---------- Data provided
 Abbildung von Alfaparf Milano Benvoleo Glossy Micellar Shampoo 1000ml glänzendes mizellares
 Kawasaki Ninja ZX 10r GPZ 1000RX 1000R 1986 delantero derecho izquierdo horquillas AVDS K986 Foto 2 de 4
--------------------
---------- Data provided
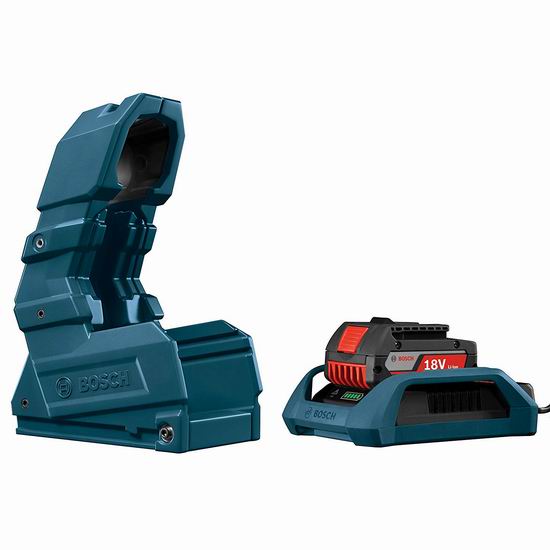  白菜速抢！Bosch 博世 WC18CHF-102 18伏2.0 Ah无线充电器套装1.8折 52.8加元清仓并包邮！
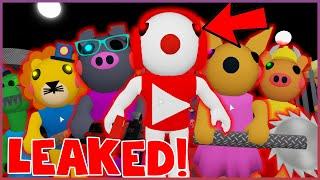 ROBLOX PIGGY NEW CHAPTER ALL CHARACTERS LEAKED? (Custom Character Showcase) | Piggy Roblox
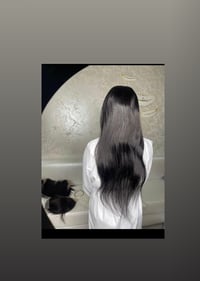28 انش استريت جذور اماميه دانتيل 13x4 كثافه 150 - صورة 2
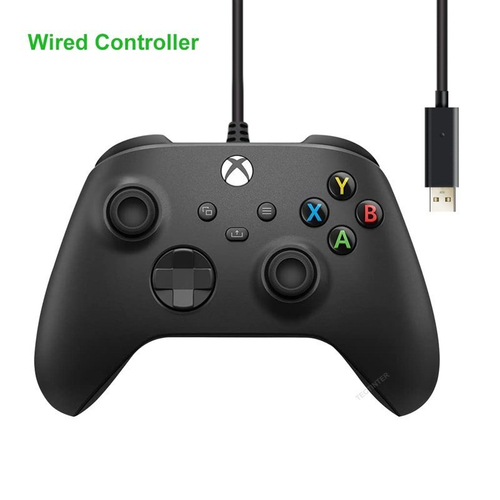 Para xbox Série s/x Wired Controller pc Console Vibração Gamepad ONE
--------------------
> [Prompt] Give back exactly the lines of the listing above from the one that contains "ROBLOX PIGGY NEW" up to and including the one that contains "Para xbox Série", but not the pictures, and no other lines.

> [The answer]
 ROBLOX PIGGY NEW CHAPTER ALL CHARACTERS LEAKED? (Custom Character Showcase) | Piggy Roblox
28 انش استريت جذور اماميه دانتيل 13x4 كثافه 150 - صورة 2
 Para xbox Série s/x Wired Controller pc Console Vibração Gamepad ONE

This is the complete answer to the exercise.